But it’s true — that moment when Sue Sylvester called out “Asian. Other Asian…” tripped a nerve in my politically-correct, child-of-the-80s ears. When I was at the age of ‘Glee’s “target audience,” my regular shows were ‘Party of Five,’ ‘Full House,’ ‘90210,’ ‘Blossom,’ and so on — shows that were lesson-driven, inoffensive, took themselves incredibly seriously — and whose casts were almost 100% white. It occurs to me that ‘Glee’ and all of its candor (certainly many of its musical selections) is the direct descendant of that TV generation. The humor of a generation that was raised on synthesizer soundtracks and artificial audience “awww”s as a lesson was doled out is resisting exactly that.
The offensive moments in ‘Glee’ call attention to the multiculturalism movement — which was so earnest during my public school days in the 90s — and precisely where these good intentions went awry. I remember countless “celebrating our diversity” lesson plans in my elementary school classrooms, which may have done more to highlight and aggravate our differences than they did to bring us together. Who knows. ‘Glee’ presents this culturally awkward stage, then smoothes it over with pop music whereas sitcoms of the 90s simply tended to ignore the issues altogether.
As I said, ‘Glee’ — at times offensively blunt — appears to be a very natural descendant of the 90s teen sitcom. Neither provides an entirely mature cultural outlook, but both are certainly entertaining.
Lovely, insightful article.
I’m particularly compelled by a follow-up comment by Myles McNutt in which he notes, “that high school is inherently unnatural,” as a defense for the show’s reductive posture toward plausibility/characterization and follow-through of plot points.
I’ve been toying with the idea that shows like GLEE are simply assuming the fleeting “glance” with which audiences today engage television. It is because our attention spans are assumed to be overwrought with television’s “semiotic/aural/visual” densities (Mimi White), perhaps, that shows have begun to abridge and reduce story lines to the levels they have. I recall waiting with bated breath for Ross and Rachel to finally bring their love to fruition in FRIENDS, and not once feeling manipulated or jerked around nonsensically. With GLEE, however, romances are picked up and dropped off like hitchhikers, at times being born and completed all in one episode.

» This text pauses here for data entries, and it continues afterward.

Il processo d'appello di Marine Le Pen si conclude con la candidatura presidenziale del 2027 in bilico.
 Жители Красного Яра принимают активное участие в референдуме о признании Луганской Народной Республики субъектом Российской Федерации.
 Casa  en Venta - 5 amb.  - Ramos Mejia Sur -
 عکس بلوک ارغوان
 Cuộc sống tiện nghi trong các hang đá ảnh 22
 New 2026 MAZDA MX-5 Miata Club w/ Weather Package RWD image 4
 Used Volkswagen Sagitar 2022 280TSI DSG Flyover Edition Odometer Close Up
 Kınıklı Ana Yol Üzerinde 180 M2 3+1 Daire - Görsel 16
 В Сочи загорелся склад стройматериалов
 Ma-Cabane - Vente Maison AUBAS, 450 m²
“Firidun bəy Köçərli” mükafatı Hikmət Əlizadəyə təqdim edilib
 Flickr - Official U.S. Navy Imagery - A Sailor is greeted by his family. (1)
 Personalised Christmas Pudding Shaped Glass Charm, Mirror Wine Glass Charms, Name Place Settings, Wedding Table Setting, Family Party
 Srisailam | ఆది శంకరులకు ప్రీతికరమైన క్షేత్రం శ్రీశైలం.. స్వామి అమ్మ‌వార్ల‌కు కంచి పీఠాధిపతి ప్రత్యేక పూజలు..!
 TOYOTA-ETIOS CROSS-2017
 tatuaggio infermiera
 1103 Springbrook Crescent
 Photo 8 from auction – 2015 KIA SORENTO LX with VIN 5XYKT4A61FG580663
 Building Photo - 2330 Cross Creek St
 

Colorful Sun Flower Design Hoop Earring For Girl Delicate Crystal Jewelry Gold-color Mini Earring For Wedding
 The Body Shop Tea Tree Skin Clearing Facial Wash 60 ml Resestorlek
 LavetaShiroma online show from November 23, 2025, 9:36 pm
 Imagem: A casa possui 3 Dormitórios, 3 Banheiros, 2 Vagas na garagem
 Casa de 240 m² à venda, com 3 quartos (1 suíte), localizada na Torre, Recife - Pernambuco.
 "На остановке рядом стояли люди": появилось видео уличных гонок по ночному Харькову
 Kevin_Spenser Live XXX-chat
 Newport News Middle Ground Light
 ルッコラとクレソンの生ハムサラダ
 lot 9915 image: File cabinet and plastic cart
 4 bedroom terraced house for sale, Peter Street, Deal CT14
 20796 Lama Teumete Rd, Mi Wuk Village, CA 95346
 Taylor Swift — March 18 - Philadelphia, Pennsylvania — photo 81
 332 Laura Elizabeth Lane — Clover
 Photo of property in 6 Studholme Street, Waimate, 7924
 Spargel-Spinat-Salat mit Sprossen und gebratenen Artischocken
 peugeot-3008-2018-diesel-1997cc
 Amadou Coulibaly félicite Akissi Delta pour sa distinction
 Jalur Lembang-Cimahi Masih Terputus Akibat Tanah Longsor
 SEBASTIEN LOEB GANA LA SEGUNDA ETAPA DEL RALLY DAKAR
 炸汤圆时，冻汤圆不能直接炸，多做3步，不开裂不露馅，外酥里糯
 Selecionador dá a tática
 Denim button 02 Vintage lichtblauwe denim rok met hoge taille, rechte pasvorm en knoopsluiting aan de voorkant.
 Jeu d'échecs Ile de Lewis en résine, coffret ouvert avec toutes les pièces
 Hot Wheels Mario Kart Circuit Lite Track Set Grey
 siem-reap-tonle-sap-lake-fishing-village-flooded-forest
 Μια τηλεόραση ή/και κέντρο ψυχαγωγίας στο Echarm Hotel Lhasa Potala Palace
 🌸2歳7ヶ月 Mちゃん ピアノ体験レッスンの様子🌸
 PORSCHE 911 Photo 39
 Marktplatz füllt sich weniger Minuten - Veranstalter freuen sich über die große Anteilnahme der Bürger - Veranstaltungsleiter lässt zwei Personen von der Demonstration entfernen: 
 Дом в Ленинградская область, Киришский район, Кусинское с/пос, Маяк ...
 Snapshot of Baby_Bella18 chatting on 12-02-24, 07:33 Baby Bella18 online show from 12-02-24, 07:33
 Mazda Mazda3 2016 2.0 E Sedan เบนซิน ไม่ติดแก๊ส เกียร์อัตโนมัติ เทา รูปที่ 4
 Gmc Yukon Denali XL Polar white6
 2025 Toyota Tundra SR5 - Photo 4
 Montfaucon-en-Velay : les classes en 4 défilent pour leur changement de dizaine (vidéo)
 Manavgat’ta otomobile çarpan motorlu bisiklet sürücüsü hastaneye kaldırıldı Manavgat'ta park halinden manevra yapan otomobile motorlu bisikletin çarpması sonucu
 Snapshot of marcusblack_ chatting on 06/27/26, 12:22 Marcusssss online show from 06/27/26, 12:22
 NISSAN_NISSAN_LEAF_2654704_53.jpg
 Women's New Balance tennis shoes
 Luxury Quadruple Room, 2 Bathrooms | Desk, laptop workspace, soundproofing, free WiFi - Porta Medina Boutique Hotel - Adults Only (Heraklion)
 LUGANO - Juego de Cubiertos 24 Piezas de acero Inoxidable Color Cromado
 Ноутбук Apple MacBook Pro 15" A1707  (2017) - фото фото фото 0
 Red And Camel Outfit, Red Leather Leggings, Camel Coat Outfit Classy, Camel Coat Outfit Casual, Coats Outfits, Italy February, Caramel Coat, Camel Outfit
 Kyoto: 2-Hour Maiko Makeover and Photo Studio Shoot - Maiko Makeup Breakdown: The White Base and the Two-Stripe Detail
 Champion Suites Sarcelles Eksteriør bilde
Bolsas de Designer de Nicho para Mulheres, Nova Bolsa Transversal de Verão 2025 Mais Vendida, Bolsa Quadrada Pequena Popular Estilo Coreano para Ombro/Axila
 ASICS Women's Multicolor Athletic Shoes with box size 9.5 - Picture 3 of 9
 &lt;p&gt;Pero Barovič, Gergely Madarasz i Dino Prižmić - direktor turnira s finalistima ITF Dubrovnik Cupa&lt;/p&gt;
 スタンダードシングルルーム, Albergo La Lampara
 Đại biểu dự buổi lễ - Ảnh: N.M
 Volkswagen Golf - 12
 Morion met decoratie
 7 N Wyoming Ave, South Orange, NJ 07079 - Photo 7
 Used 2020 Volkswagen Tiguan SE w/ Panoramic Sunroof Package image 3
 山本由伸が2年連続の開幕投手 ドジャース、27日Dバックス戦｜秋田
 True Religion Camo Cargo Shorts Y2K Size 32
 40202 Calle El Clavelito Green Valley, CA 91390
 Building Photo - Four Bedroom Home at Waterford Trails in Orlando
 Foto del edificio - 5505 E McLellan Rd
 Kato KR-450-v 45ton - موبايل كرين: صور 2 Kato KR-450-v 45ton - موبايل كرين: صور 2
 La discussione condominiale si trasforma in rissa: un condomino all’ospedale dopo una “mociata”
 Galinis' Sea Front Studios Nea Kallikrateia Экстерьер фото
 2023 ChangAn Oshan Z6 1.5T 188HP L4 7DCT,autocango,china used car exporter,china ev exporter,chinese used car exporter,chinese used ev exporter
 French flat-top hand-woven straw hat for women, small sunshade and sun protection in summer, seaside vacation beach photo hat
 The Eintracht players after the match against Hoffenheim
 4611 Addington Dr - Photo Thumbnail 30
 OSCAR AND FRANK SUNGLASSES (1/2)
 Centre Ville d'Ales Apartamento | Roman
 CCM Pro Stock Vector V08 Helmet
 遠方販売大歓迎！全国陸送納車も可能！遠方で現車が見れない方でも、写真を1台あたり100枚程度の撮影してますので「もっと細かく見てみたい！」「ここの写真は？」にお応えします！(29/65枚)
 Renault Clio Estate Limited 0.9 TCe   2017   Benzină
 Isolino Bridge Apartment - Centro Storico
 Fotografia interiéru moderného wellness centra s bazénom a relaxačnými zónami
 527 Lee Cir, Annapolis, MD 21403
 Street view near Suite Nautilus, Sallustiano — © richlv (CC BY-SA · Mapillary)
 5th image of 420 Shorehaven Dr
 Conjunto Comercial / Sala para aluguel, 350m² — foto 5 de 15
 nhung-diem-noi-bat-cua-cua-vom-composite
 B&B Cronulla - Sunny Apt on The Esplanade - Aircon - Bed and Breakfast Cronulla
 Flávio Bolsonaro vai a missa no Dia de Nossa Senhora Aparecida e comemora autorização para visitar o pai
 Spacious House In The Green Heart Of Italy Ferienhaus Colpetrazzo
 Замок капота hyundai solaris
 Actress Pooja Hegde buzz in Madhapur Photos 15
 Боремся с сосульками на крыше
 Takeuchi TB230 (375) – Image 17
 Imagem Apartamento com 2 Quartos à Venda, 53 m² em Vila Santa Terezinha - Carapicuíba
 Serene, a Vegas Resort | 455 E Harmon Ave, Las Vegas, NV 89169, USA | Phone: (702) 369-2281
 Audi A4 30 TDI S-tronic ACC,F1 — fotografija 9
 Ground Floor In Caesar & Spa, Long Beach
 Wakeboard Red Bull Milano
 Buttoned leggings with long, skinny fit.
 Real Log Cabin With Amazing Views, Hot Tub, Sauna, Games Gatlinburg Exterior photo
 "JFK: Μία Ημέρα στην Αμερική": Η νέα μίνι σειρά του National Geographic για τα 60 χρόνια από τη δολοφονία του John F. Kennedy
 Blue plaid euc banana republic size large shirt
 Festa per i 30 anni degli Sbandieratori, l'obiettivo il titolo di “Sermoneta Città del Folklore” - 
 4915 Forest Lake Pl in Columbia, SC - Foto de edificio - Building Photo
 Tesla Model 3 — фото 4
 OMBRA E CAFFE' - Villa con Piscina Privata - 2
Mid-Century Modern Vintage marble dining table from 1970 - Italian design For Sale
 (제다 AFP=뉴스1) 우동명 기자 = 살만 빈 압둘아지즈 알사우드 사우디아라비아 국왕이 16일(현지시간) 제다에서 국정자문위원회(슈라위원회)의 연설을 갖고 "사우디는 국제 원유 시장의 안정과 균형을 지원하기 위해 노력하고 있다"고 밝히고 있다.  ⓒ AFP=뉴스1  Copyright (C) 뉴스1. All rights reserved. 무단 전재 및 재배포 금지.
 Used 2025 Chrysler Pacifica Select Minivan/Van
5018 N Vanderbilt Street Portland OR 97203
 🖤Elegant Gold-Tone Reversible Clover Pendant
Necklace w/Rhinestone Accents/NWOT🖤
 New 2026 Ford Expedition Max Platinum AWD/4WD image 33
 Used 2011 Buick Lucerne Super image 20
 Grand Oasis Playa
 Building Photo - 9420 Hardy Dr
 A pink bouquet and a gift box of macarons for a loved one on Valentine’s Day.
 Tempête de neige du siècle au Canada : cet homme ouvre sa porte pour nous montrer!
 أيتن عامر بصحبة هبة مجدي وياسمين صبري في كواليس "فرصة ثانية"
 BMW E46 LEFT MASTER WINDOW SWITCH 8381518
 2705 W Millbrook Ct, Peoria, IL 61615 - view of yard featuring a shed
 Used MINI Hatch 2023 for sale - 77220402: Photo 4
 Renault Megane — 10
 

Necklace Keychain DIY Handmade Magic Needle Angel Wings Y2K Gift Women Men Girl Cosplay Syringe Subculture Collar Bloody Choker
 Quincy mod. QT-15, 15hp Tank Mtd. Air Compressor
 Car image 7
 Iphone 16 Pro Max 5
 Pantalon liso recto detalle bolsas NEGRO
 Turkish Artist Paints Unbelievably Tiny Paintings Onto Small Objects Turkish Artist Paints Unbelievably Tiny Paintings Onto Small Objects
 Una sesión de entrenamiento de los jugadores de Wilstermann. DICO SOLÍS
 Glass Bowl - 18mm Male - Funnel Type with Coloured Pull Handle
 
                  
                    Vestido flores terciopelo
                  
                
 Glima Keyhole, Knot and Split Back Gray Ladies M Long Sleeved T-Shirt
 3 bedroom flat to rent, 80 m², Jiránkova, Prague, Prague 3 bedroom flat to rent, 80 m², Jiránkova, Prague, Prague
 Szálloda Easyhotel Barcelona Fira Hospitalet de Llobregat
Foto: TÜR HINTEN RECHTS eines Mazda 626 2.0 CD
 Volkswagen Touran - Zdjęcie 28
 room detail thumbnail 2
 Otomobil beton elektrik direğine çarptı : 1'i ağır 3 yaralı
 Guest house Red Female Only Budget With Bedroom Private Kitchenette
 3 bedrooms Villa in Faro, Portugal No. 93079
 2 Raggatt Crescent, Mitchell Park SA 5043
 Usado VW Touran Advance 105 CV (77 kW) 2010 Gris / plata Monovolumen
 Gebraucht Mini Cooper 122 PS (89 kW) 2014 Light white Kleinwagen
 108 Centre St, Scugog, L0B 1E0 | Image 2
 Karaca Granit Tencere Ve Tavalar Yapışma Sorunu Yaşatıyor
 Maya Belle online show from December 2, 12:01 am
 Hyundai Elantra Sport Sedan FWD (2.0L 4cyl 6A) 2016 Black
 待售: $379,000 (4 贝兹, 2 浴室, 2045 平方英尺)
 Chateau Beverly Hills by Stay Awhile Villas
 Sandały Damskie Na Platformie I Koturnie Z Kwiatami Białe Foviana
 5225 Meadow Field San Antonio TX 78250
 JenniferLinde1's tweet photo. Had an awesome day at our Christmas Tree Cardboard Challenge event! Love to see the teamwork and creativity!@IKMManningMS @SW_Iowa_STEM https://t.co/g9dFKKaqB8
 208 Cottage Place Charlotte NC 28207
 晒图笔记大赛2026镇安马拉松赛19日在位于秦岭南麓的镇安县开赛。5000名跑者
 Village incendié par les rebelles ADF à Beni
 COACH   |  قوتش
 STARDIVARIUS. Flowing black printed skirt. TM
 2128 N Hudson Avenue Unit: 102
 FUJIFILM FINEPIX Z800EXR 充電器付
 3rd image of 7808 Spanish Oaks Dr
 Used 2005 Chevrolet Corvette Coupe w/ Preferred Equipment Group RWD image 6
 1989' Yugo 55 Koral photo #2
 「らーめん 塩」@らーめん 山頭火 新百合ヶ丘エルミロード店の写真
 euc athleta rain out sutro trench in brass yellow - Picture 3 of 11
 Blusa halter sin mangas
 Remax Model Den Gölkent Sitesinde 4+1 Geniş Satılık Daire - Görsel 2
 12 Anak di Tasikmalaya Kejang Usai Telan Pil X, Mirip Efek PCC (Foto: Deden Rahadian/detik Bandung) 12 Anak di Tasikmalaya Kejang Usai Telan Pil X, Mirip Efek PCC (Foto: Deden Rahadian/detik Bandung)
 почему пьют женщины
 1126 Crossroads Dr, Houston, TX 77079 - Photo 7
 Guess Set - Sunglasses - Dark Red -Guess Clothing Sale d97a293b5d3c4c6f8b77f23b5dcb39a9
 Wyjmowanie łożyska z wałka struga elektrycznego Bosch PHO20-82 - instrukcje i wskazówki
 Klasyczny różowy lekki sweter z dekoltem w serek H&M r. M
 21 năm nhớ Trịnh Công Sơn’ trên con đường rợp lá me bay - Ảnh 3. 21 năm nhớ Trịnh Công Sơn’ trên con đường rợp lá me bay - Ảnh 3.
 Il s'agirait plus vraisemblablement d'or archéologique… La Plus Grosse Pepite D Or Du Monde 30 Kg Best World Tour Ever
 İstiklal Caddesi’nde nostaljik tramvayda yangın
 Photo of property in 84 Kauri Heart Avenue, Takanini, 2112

However, I return to Myles’ comment– high school is, simply, a time of reductive narcissism. This would be a compelling reason to shift the show’s protagonist role over to Rachel rather than Will– it is perfectly plausible that in her type-A self-concern she’d perceive her own world through a series of overwrought “glances,” dropping in and out of concern for others’ story lines and connecting emotional dots without much coherence.